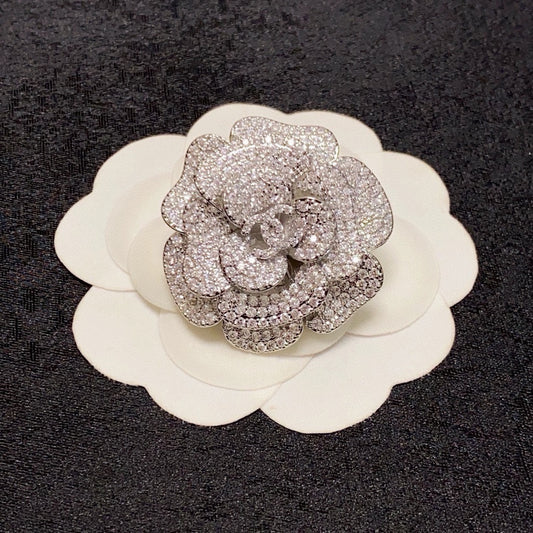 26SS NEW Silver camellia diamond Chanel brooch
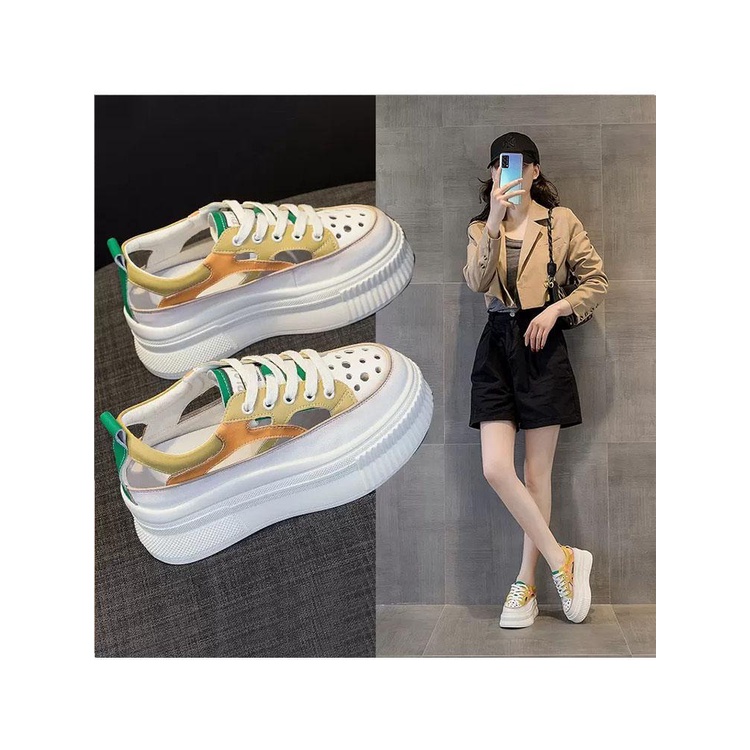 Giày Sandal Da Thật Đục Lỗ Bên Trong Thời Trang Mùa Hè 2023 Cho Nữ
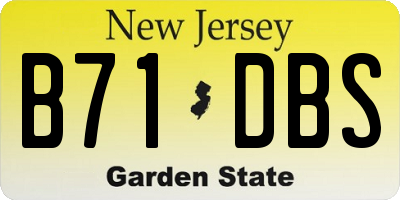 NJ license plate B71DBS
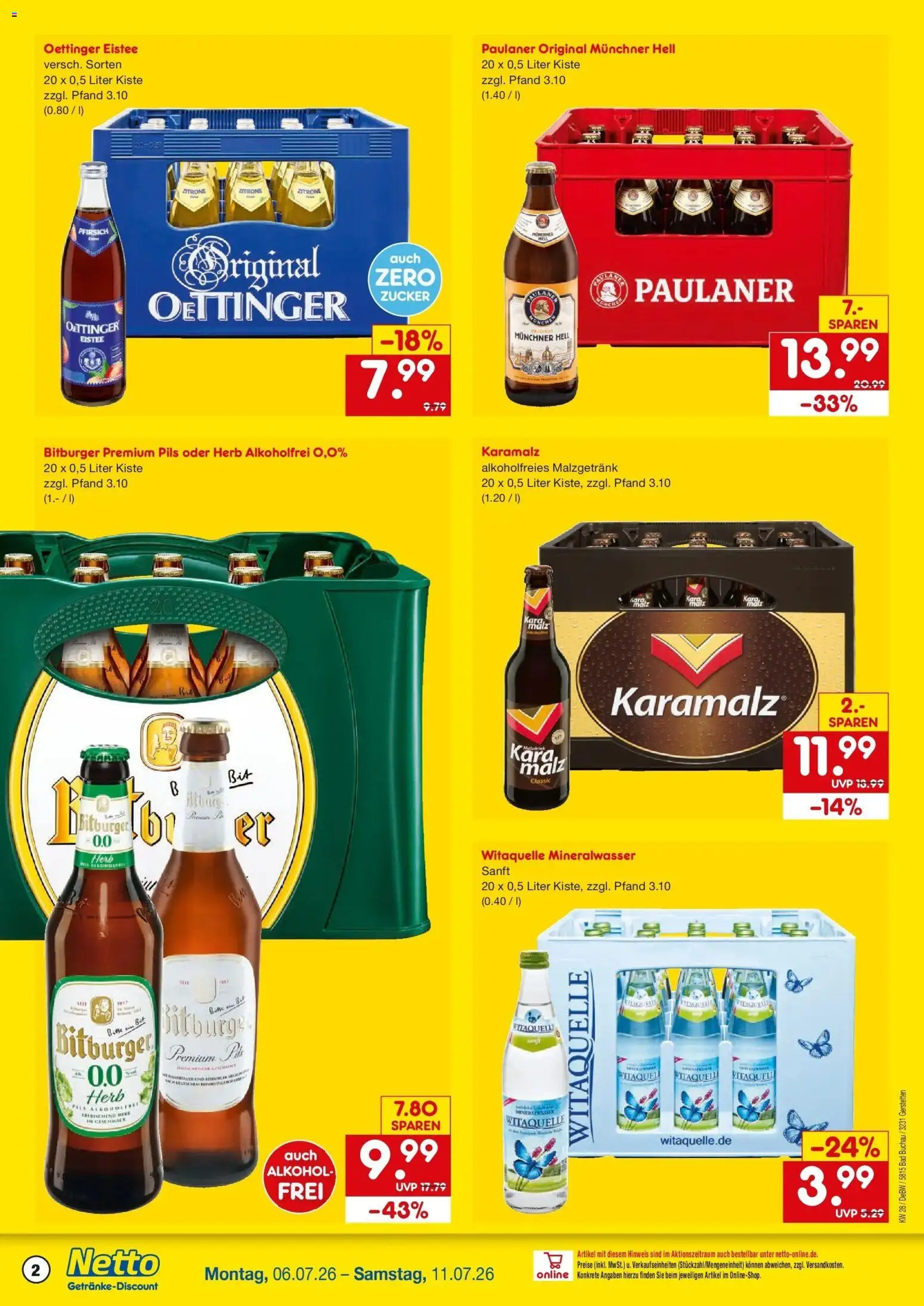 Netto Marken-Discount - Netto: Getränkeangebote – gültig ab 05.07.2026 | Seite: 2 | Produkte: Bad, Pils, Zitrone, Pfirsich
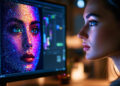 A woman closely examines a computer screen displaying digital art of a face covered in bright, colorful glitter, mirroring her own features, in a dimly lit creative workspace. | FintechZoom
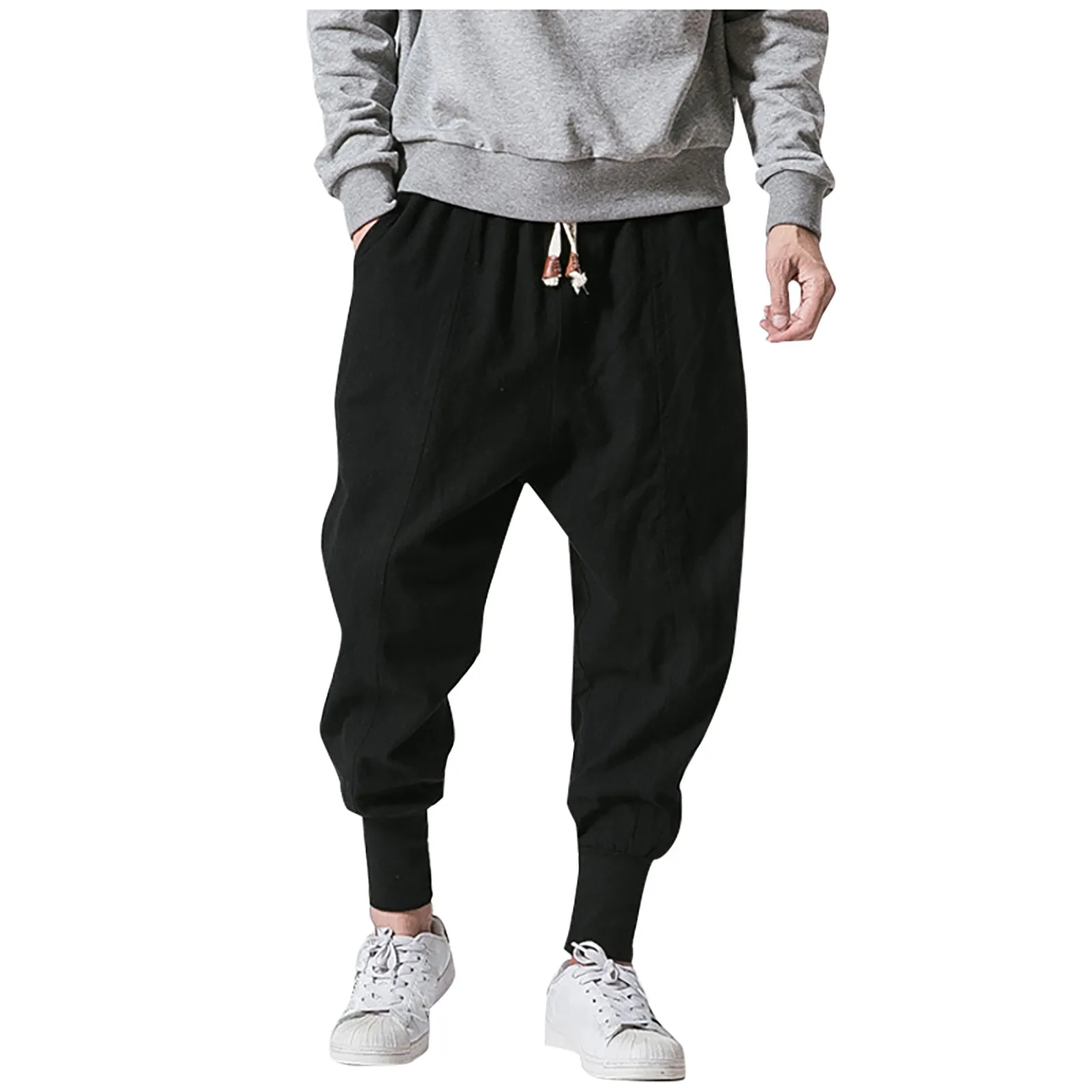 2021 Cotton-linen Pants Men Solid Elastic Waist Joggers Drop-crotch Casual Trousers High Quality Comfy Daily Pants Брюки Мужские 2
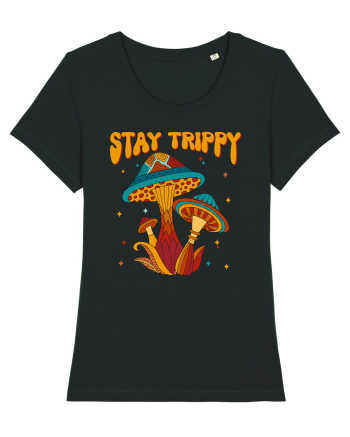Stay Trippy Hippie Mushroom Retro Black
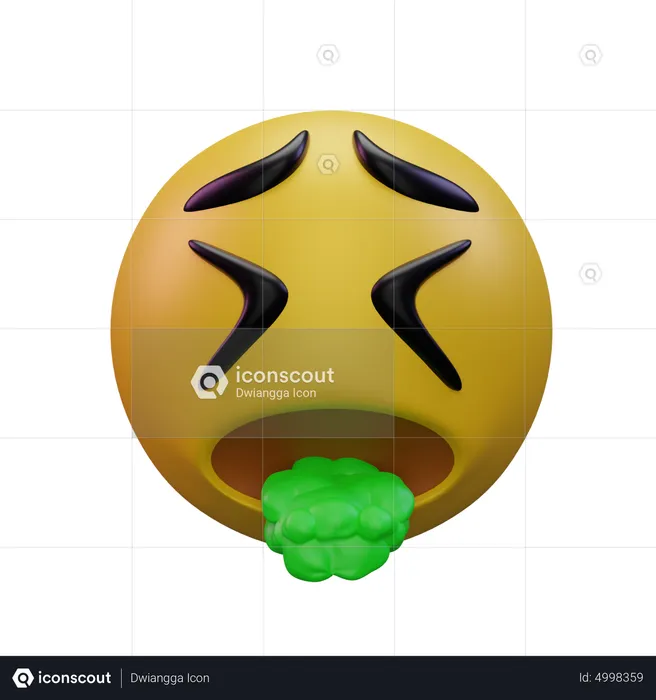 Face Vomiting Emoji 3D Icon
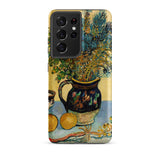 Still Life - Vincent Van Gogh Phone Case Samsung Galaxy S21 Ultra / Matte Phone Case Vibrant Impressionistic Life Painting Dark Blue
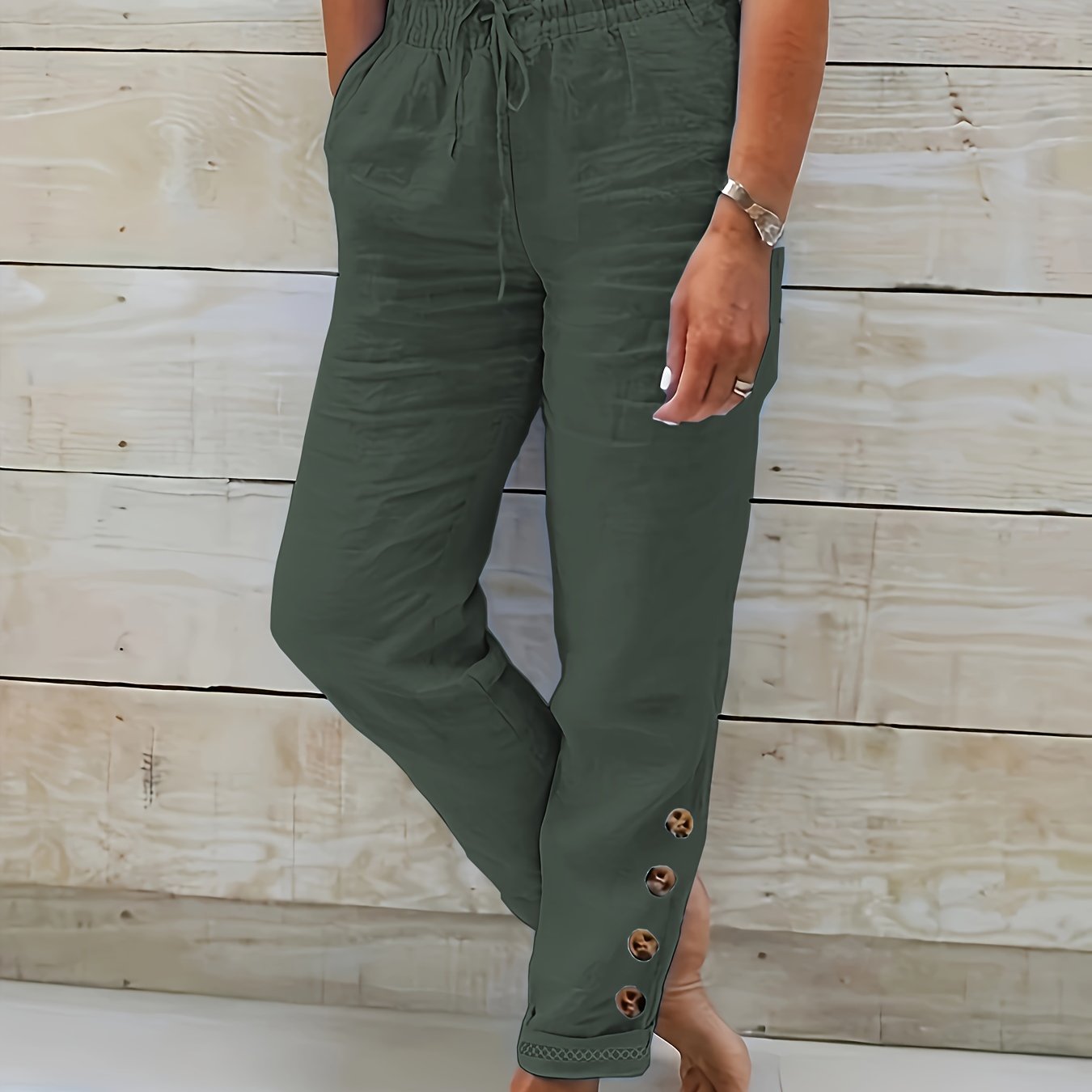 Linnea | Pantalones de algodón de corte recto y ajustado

= = =

**YOUR TASK:**
Reproduce the records in full, exactly as they appear, and show none of the pictures.

**ANSWER:**
 26SS NEW Silver camellia diamond Chanel brooch
 Giày Sandal Da Thật Đục Lỗ Bên Trong Thời Trang Mùa Hè 2023 Cho Nữ
 NJ license plate B71DBS
 Netto Marken-Discount - Netto: Getränkeangebote – gültig ab 05.07.2026 | Seite: 2 | Produkte: Bad, Pils, Zitrone, Pfirsich
 A woman closely examines a computer screen displaying digital art of a face covered in bright, colorful glitter, mirroring her own features, in a dimly lit creative workspace. | FintechZoom
 2021 Cotton-linen Pants Men Solid Elastic Waist Joggers Drop-crotch Casual Trousers High Quality Comfy Daily Pants Брюки Мужские 2
Stay Trippy Hippie Mushroom Retro Black
 Face Vomiting Emoji 3D Icon
 Still Life - Vincent Van Gogh Phone Case Samsung Galaxy S21 Ultra / Matte Phone Case Vibrant Impressionistic Life Painting Dark Blue
 Linnea | Pantalones de algodón de corte recto y ajustado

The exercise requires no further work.